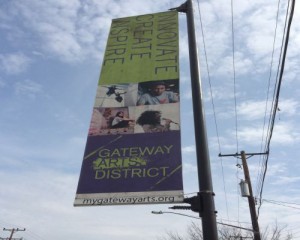 A banner on a pole that says gateway arts district.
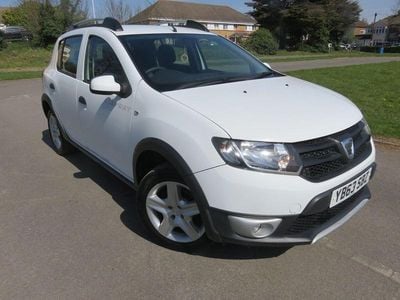 Begagnad Dacia Sandero Ambiance 90 HK (66 kW) 2014 Vit Halvkombi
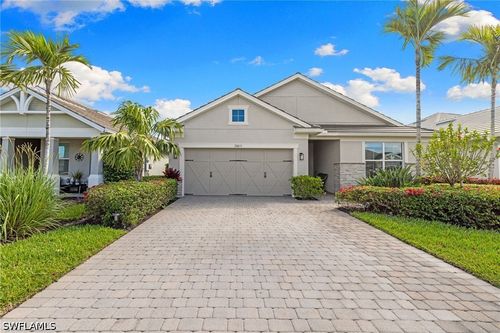 20075 Tavernier Dr, ESTERO, FL, 33928-4043 | Card Image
..............................
Without altering anything, output all the lines above but none of the images.

 A banner on a pole that says gateway arts district.
 Begagnad Dacia Sandero Ambiance 90 HK (66 kW) 2014 Vit Halvkombi
 20075 Tavernier Dr, ESTERO, FL, 33928-4043 | Card Image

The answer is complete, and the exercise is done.